# Symantec Client Security



## mitsos (Aug 1, 2006)

Hello all,
first time here and i dont know if this is the correct forum for this but here it is..
Is there any way to export client list from command prompt and not from the security console?


----------



## newhouse1390 (Jan 10, 2005)

I am not sure what you are trying to achieve by doing this. Explain what you need to do and we might come up with another way of getting there.


----------



## Squashman (Apr 14, 2005)

Could you be more specific. I think I know what you are trying to do but I am not quite sure.


----------



## mitsos (Aug 1, 2006)

Hi.. long time no seen.. :wave: 
i just want to export the clients list for every server that the AV is installed, to a text file. (without the need to log on each one..)
The output is going to be used for various things.
Thanx in advance..

Cheers


----------



## newhouse1390 (Jan 10, 2005)

Do you just want a raw list or are you going to use this to configure something on another server? It is still unclear to me what you are trying to achieve. 

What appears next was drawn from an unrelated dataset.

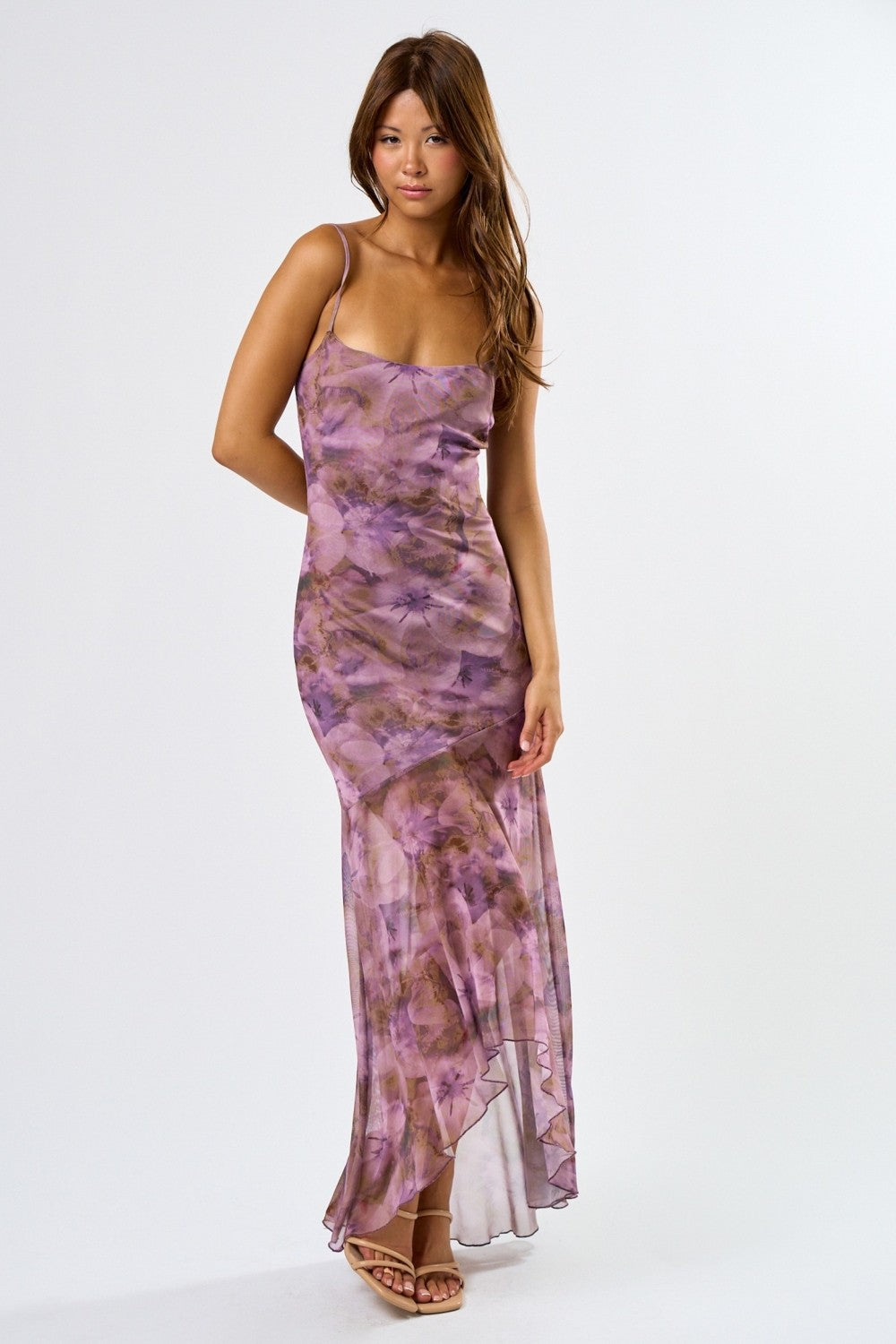 Campbell Dress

> Without logging onto each one...?


----------



## mitsos (Aug 1, 2006)

i want just a simple text file (.csv if possible) which contains all the pc's that have the client installed. It doesnt matters where its gonna be used..


----------



## newhouse1390 (Jan 10, 2005)

Ok, I think I now know what you are trying to do, however I am unaware of how to do this from the console. Perhaps a simple screen shot exported to an Excel spreadsheet would serve your purpose.


----------



## mitsos (Aug 1, 2006)

screen shot? (as a picture u mean?) nope. dont need somethin like that.. i just want a text file


----------



## chauffeur2 (Feb 7, 2006)

Hello mitsos,

Unless you can explain _fully_ what your intentions are, and whether you have the authority to access this type of information; then, we will not be able to assist you any further.


----------



## johnwill (Sep 26, 2002)

As mentioned, I think we don't want to get involved in bypassing security in this fashion. I'm sure your IT department can handle this if necessary.


----------